Forum Moderators: phranque

Message Too Old, No Replies

passing & / + etc through mod rewrite

using php urlencode to pass a variable

         

proper_bo

10:58 pm on Dec 21, 2005 (gmt 0)

10+ Year Member



My problem is this:
I cannot seem to get the full string to pass to the page using mod rewrite and urlencode.

the site rewrites from (for example) /search-business-Portable%20Bar%20%26amp%3B%20Catering.html

to

search.php?type=business&infoid=Portable%20Bar%20%26amp%3B%20Catering

the rewrite line is:

RewriteRule ^search-business-(.+).html /search.php?bustype=$1 [L]

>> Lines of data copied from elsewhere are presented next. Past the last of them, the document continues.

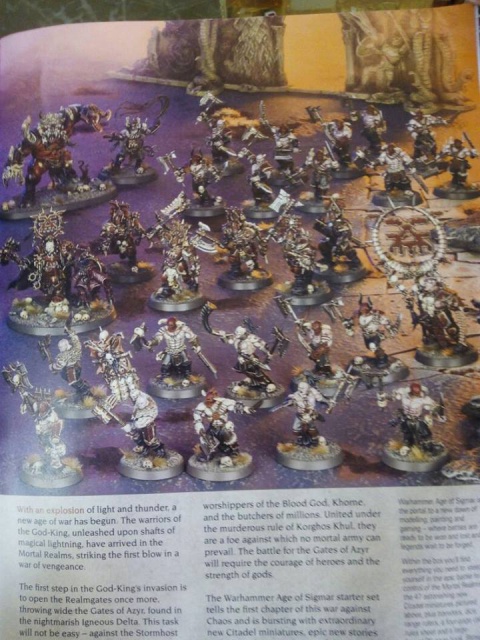 Age of Sigmar 919513newwarhammer2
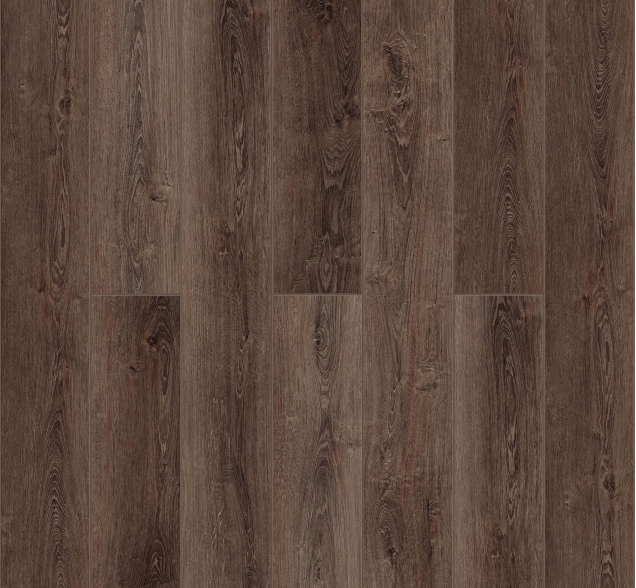 SPC ламинат "Royce" Sense Дуб Айа 710 (1200*180*4 мм) — купить в Липецке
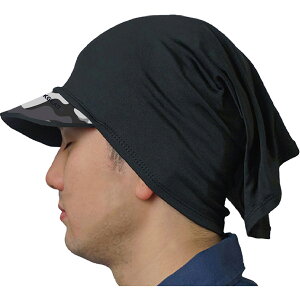 |vslbNEH[}[oCU[t O[J 5053 ~dl tFCXJo[ EC^[X|[c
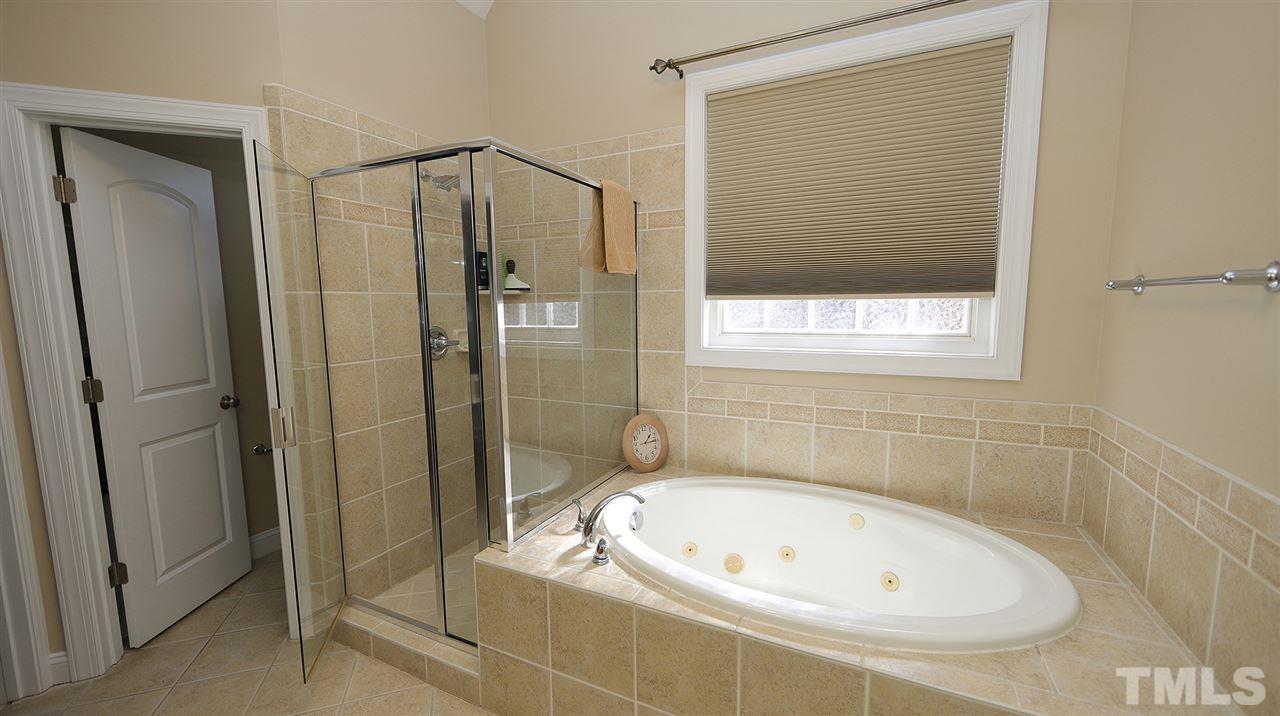 1133 Corrina Road Wake Forest, NC 27587 - Photo 11 of 20 Gallery Image 11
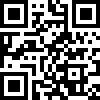 https://mehrnews.com/x38X5m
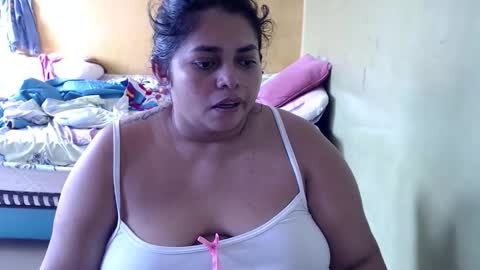 Snapshot of minnie_bbw69 chatting on November 10, 2025, 7:24 pm Andrea online show from November 10, 2025, 7:24 pm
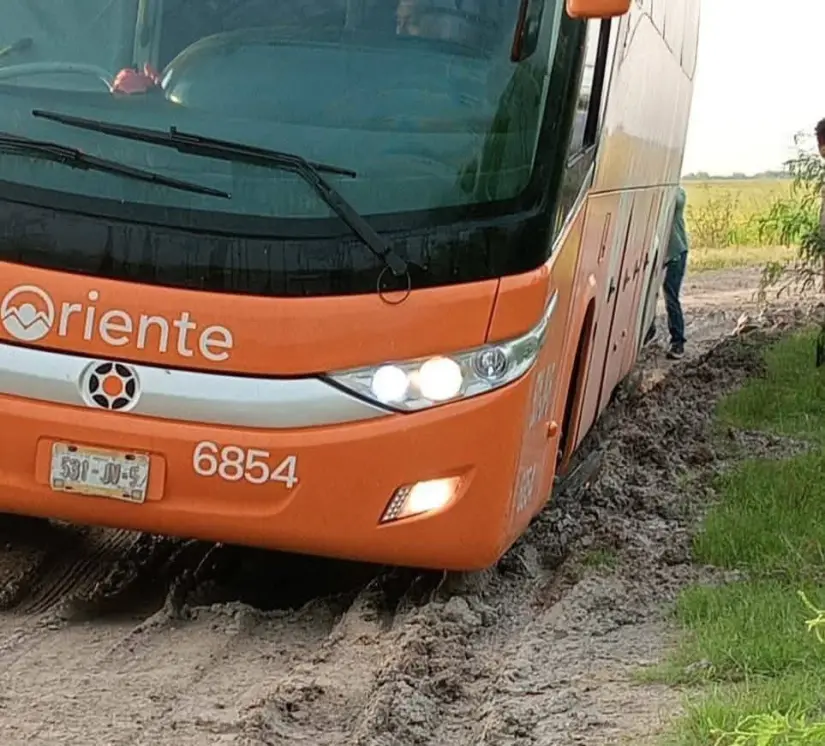 imagen recuadro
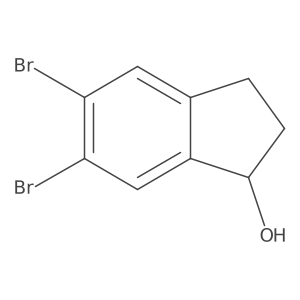 1802004-73-4 structure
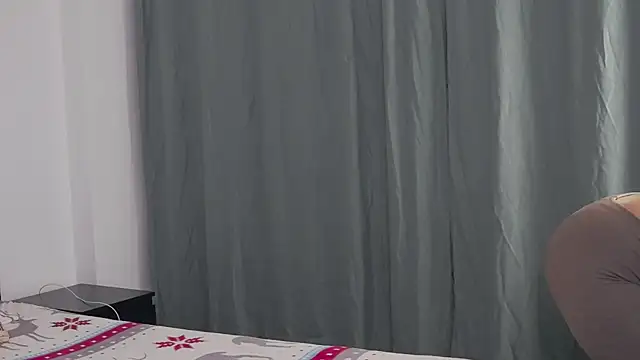 Nobodyforever online show from January 12, 2026, 4:03 pm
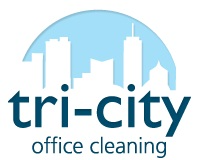 Tri-city Office Cleaning & Building Maintenance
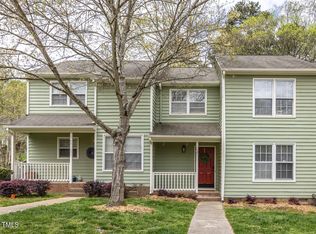 113 Long Shadow Pl, Durham, NC 27713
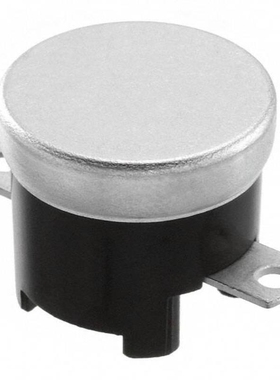 2450HR 00010484 2450CM 86750003 2450RC 00040250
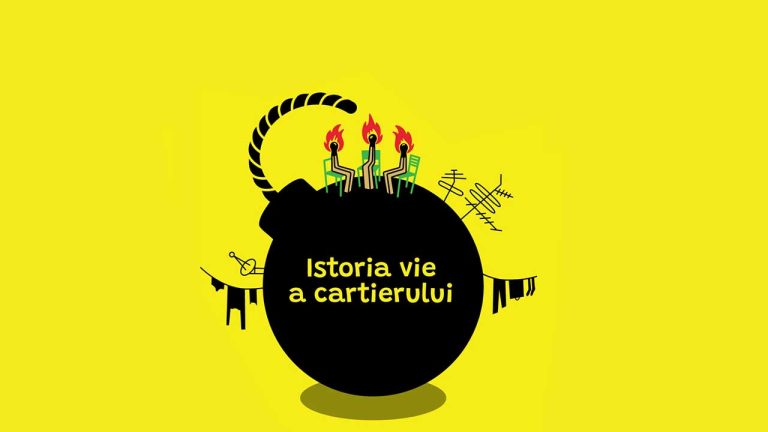 „Rave de Ravel” de Andrea Gavriliu, „(IM)POSIBIL” în regia & coregrafia Ancăi Stoica și LA LIBER la Teatrul Masca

I use urlencode to build the links so all special characters are turned into %26 etc.

BUT it doesn't work when there is anything other than + or %20
it still passes the variable but only up to the special character. In the example above it will would pass 'Portable Bar ' (including the space after but not the &)

does anyone know what I am doing wrong here?

[edited by: jdMorgan at 1:39 am (utc) on Dec. 22, 2005]
[edit reason] Disable smileys in code. [/edit]

jdMorgan

1:39 am on Dec 22, 2005 (gmt 0)

WebmasterWorld Senior Member 10+ Year Member



See the [NE] flag of RewriteRule.

Also, I suggest reviewing RFC 2396 [faqs.org] - Uniform Resource Identifiers (URI): Generic Syntax

Jim

proper_bo

9:37 am on Dec 22, 2005 (gmt 0)

10+ Year Member



jdMorgan,

thank you for your suggestions.

I eventually found the solution (or what I think is the solution) at [totalchoicehosting.com...]

it basically says that there is a problem with the rewrite of & (& ) and the solution is to double encode them.
I first tried using your [NE] suggestion but it failed so I then put
$str = preg_replace("/&/","%26",$str);
into my code. It means that url's will then have %2526 for & (& ) but thats not the end of the world.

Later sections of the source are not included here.